Les « affreux », on les retrouve ainsi dans plusieurs pays du Moyen-Orient, en Afghanistan et même en Amérique latine, notamment aux côtés des rebelles colombiens ou des narcotrafiquants péruviens. Ces « entités non étatiques », comme les appelle le site Global Research, œuvrent dans des régions aux frontières poreuses et ont fait leur réapparition dans les années soixante, avec l'éclosion des conflits régionaux, atteignant leur apogée au moment éclataient les guerres afghane, irakienne et aujourd'hui la campagne contre Daech.

 

Depuis 2008, date de leur apparition, les drones (faux-bourdons) ont commencé à bouleverser les grands principes des guerres classiques.
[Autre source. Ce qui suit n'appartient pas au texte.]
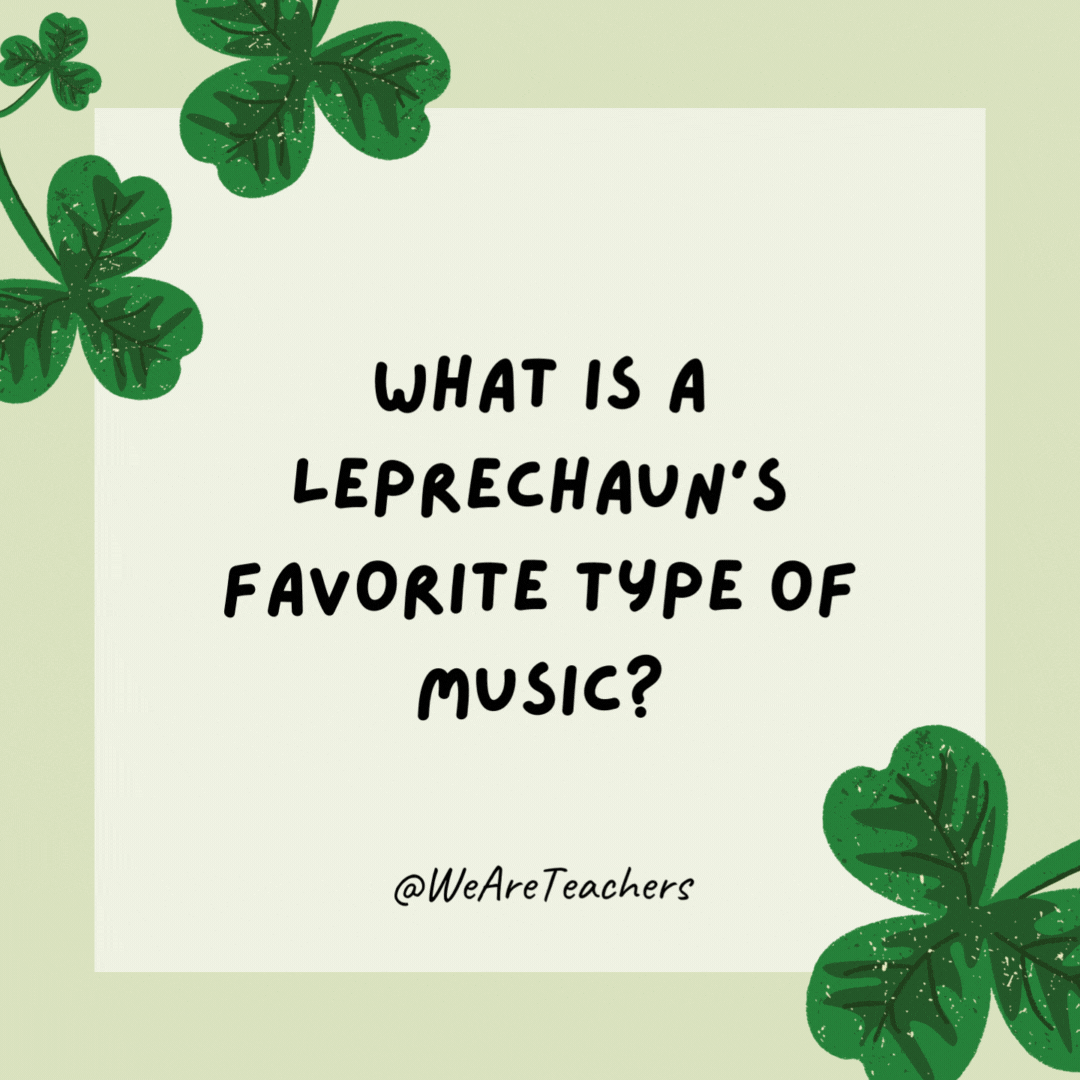 What is a leprechaun’s favorite type of music? Sham-rock ‘n’ roll. What is a leprechaun’s favorite type of music?
Sham-rock ‘n’ roll.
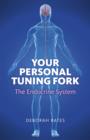 Your Personal Tuning Fork: The Endocrine System - Book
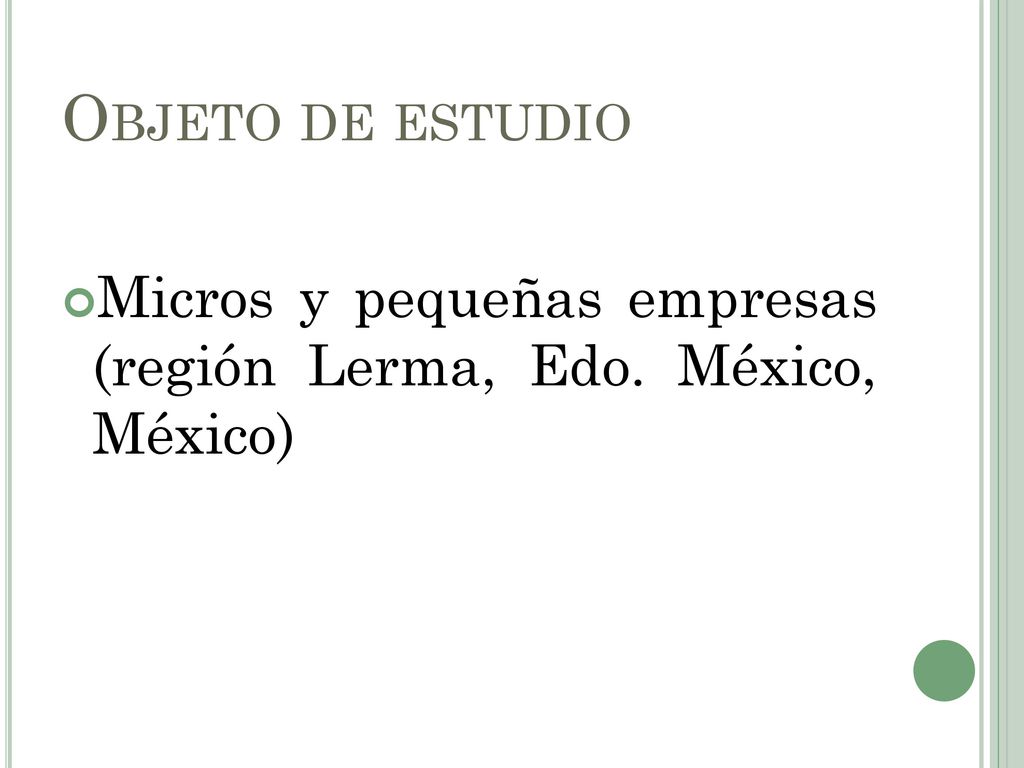 Objeto de estudio Micros y pequeñas empresas (región Lerma, Edo. México, México)
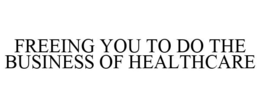 FREEING YOU TO DO THE BUSINESS OF HEALTHCARE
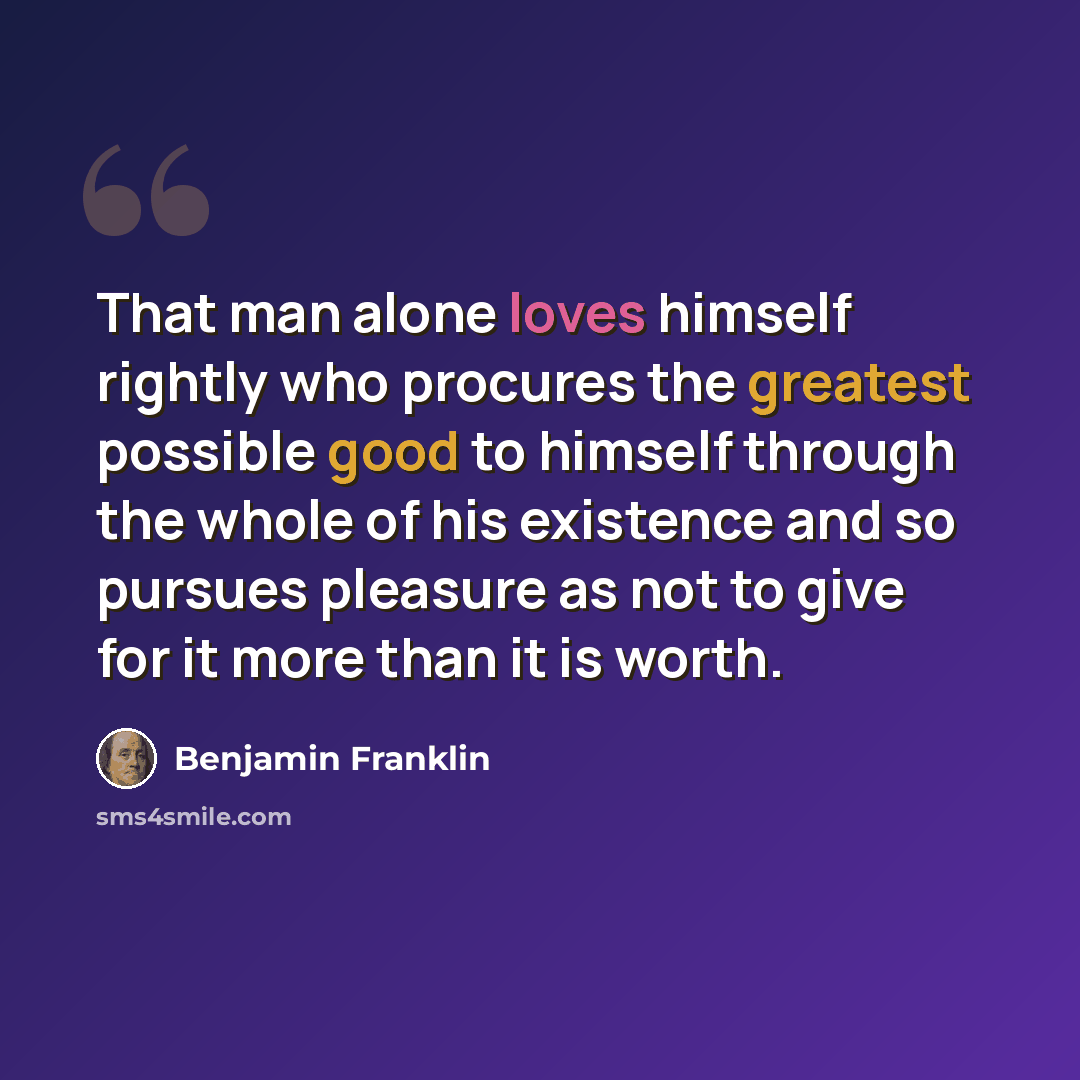 “That man alone loves himself rightly who procures the greatest possible good to himself through the whole of his existence and so pursues pleasure as not to give for it more than it is worth.” quote by Benjamin Franklin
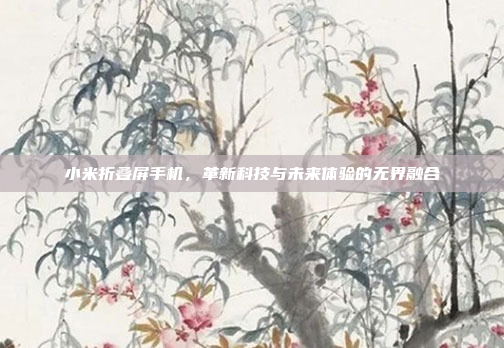 小米折叠屏手机,革新科技与未来体验的无界融合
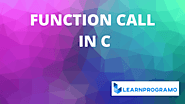 Function Call in C [ Call by Value, Call by Reference ] - LearnProgramo
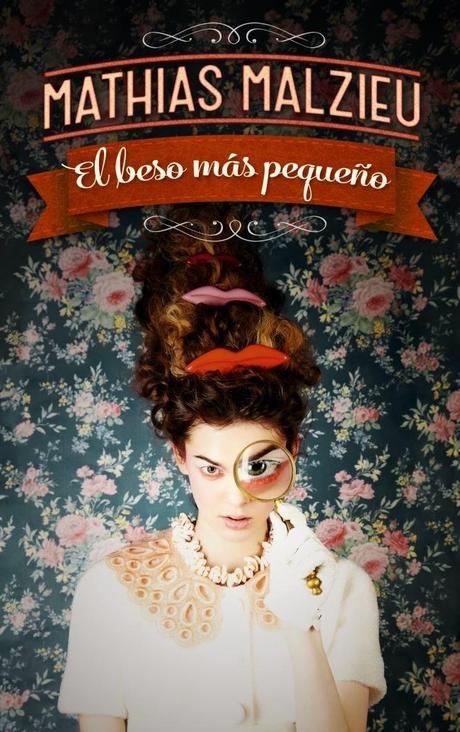 EL BESO MAS PEQUEÑO - MATHIAS MALZIEU EL BESO MAS PEQUEÑO - MATHIAS MALZIEU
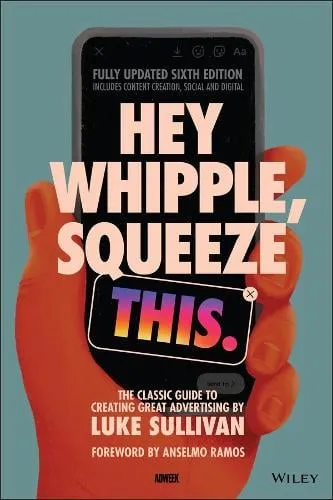 Luke Sullivan Hey Whipple, Squeeze This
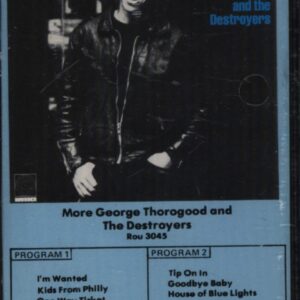 George Thorogood & The Destroyers: More George Thorogood And The Destroyers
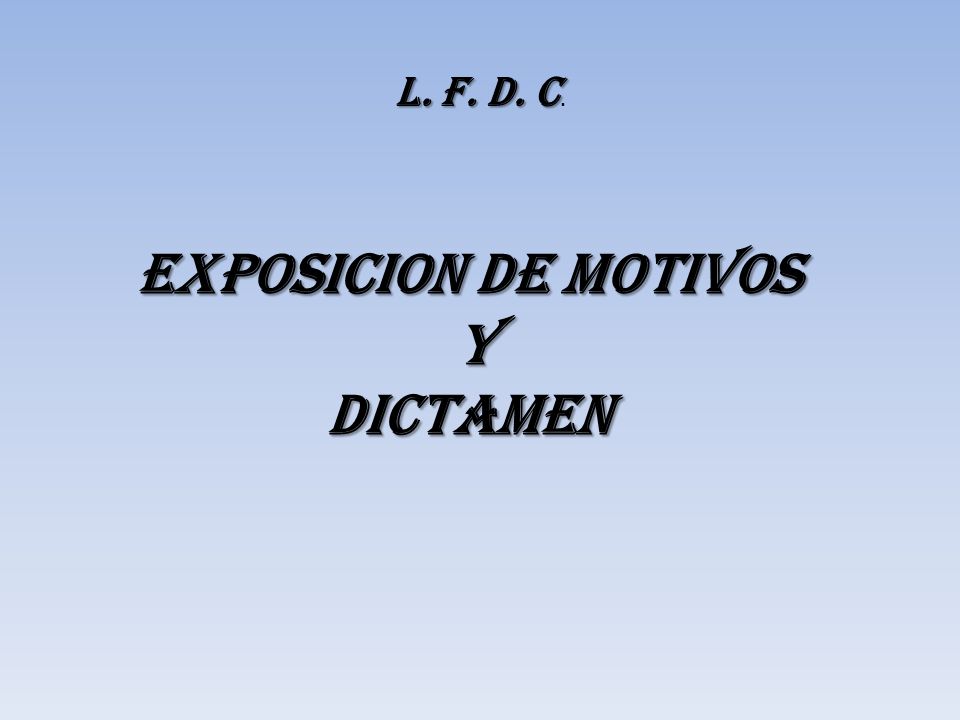 EXPOSICION DE MOTIVOS Y DICTAMEN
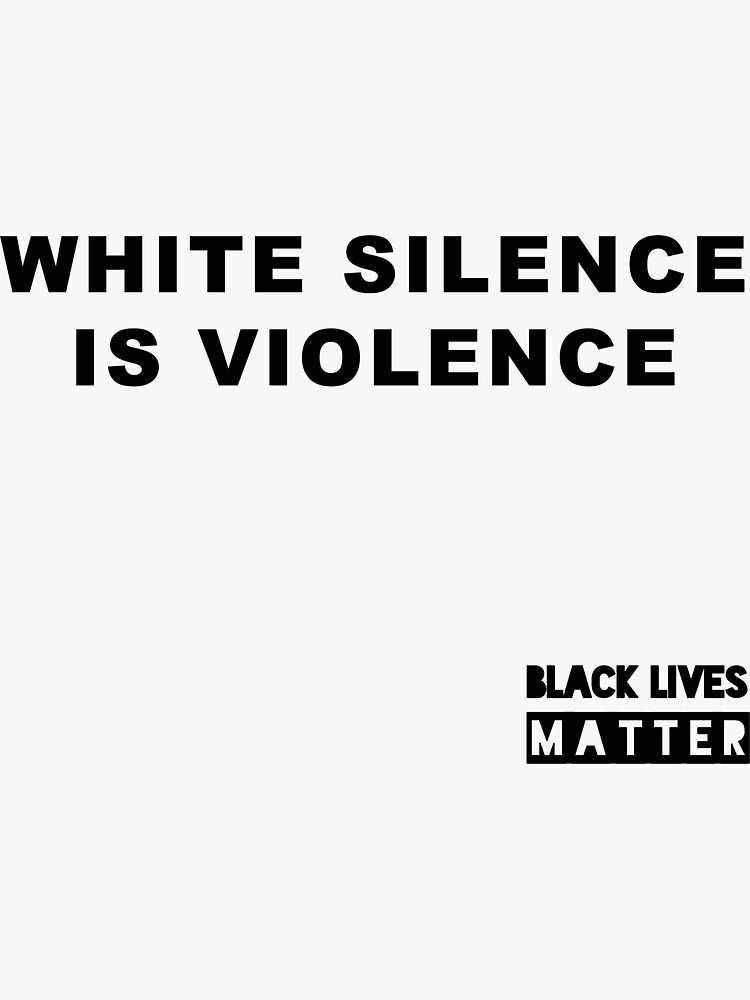 White silence is violence что это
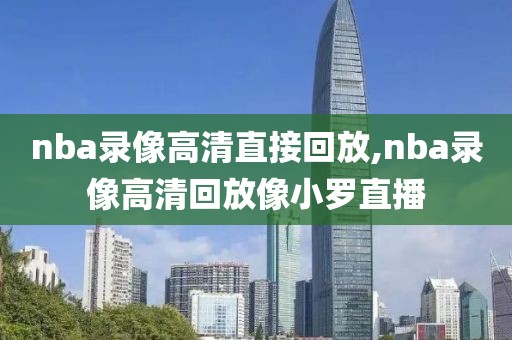 nba录像高清直接回放,nba录像高清回放像小罗直播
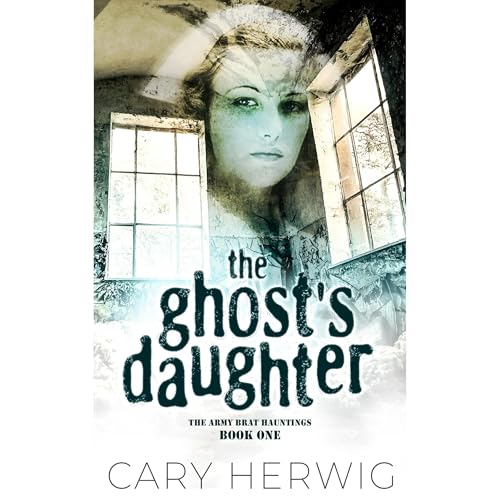The Ghost's Daughter by Cary Herwig
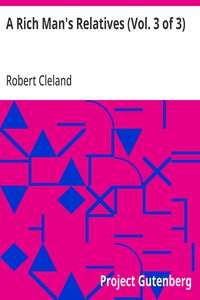 Cover of A Rich Man's Relatives (Vol. 3 of 3)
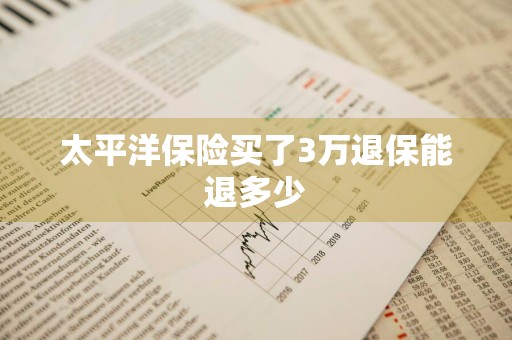 太平洋保险买了3万退保能退多少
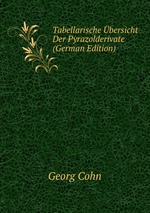 Tabellarische bersicht Der Pyrazolderivate (German Edition)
On est passé ainsi de la proximité à la déshumanisation : le technicien assis devant un tableau lance et oriente l'engin, puis actionne le mécanisme lanceur de la fusée, dans un anonymat total. On ne se bat plus, on joue à la guerre comme autrefois à la bataille navale. Il n'y a pas de soldats, même de plomb, mais des manettes, des boutons, des voyants de couleur, parfois une voix désincarnée pour rectifier des défaillances possibles, une erreur de trajectoire. Le tout téléguidé à partir de la MacDill Air Force Base, à Tampa, en Floride, siège du Central Command.

 

Fini le temps l'officier chargeait, sabre au clair, à la tête de ses hommes, ceux-ci se battaient à l'arme blanche, les guerres se gagnaient/se perdaient dans les tranchées, la grenade pouvait tuer son destinataire comme son expéditeur.

 

Ces temps-ci, l'armée US étudie la possibilité de recourir à des mercenaires qui se chargeront d'épauler la troupe irakienne face aux rebelles de l'État islamique. Pari tenu pour Barack Obama, lequel s'était engagé à ne plus envoyer ses GIs sur les rives de l'Euphrate mais qui n'avait pas soufflé mot d'une éventuelle présence « civile ». En langage militaire, ces hommes auront pour mission de planifier les opérations, de glaner des renseignements et de renforcer les capacités logistiques des unités combattantes. Tout cela va encore coûter des milliards de dollars puisés dans la poche du contribuable, mais promis, juré, aucune goutte de sang américain.

 

« Ah Dieu ! Que la guerre est jolie », disait jadis le plus célèbre trépané de 14-18.